NVMe 2.0 protocol supports both PCIe-connected HDDs
Currently, the SATA 3.0 connection cannot meet the data transfer requirements of 7200 rpm HDDs. Due to the needs of the market as well as the general development trend, HDD hard drives will need to upgrade bandwidth beyond the maximum speed of SATA 3.0. This will be met when switching to PCIe connectivity with NVMe 2.0 support.
This change to NVMe 2.0 will also mark the decline of the SATA protocol in general, which has not been updated in more than 12 years. Removing SATA and switching all hard drives to a single NVMe protocol frees up space on the motherboard, simplifies connections.

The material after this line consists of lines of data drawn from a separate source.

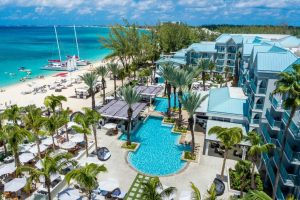 Aerial view of a beachfront resort with a turquoise pool, palm trees, and lounge chairs, adjacent to white sandy beach and clear blue ocean with sailboats and water activities. Modern buildings with blue roofs surround the pool.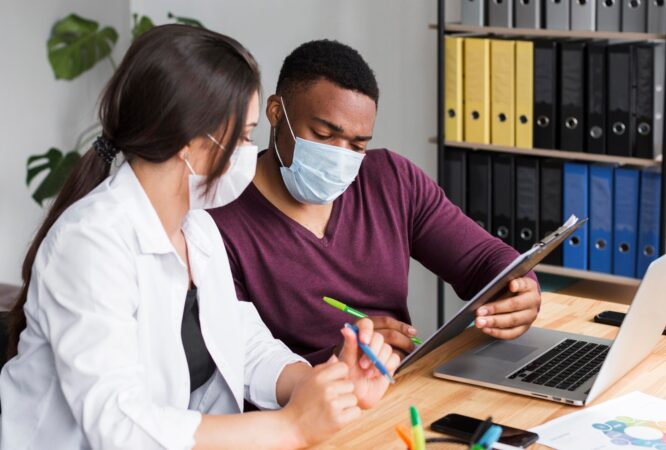 two-workers-office-pandemic-wearing-medical-masks_23-2148666364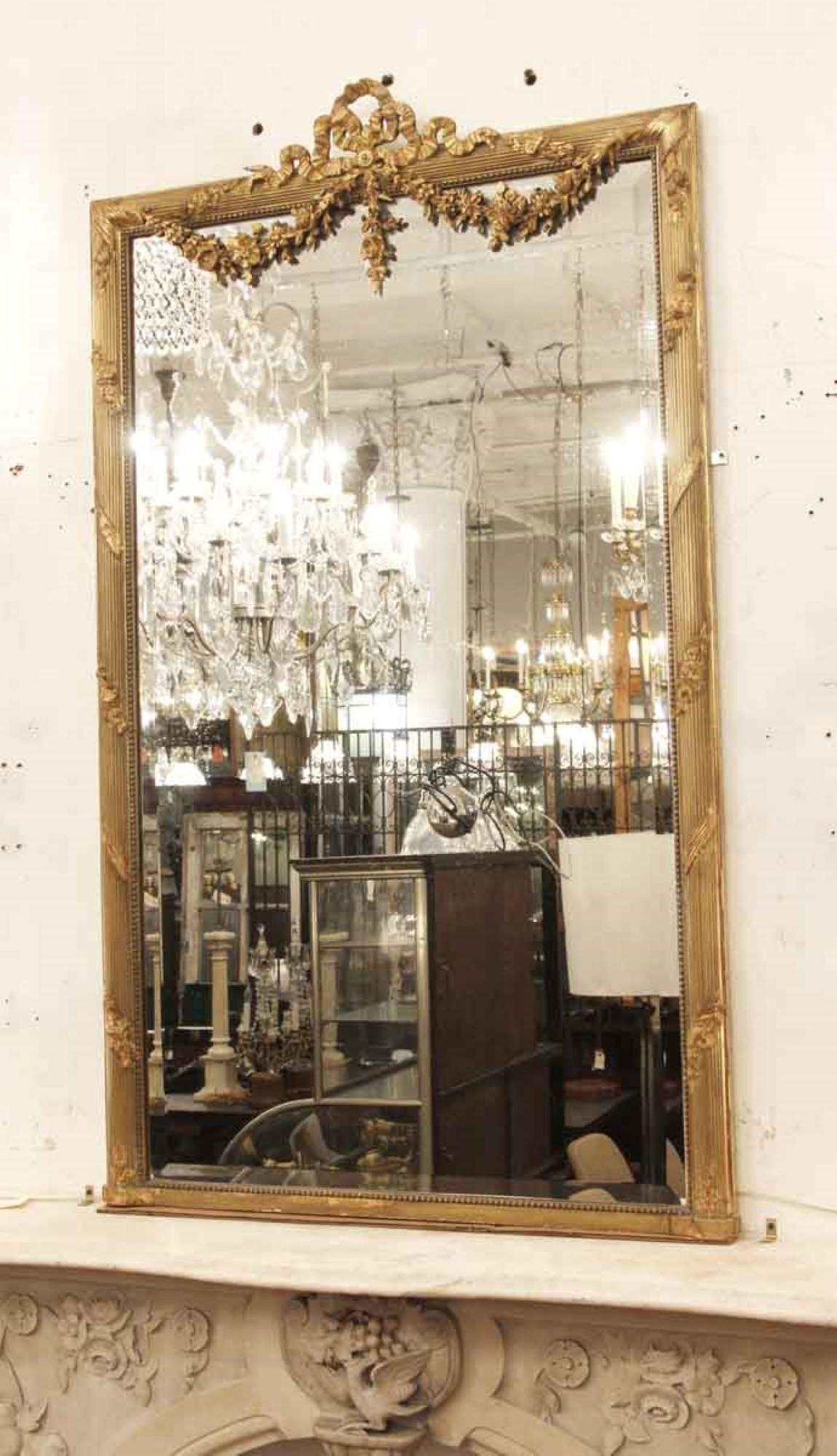 1920s decorative mirror gold gilded with ribbons and floral details. This can be seen at our 333 West 52nd St location in the Theater District West of Manhattan.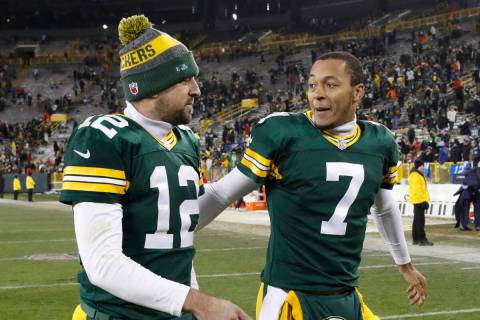 Green Bay Packers' Brett Hundley talks to Aaron Rodgers an NFL football game against the Seattl ...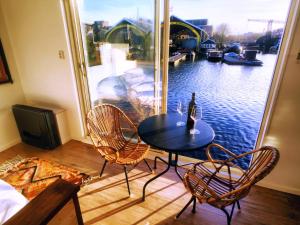 阿姆斯特丹迪亚船屋住宿加早餐旅馆的阳台上配有桌椅和一瓶葡萄酒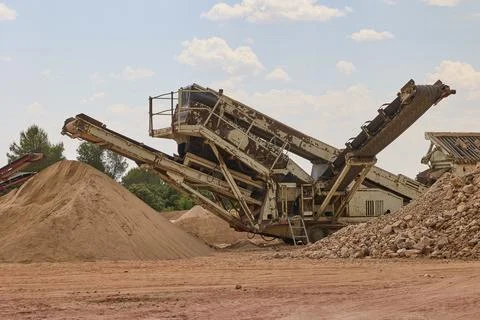 Industrial crushing machine processing aggregates in quarry site Stockfoto's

Recently, Seagate also launched a new HDD with March.2 technology that can reach speeds of 524 MB/s. This is a speed that was previously only available on SSDs. In the next few years, HDDs with technology like March.2 will be very popular when the hard drive capacity exceeds the 20TB mark.
However, equipping hard drives like this is very expensive because they possess proprietary technology. Meanwhile, when NVMe 2.0 supports PCIe-connected HDD, it will help simplify the ecosystem because only one type of storage connection is needed.
Currently, there are no HDD products on the market that support NVMe, but this will happen in the near future.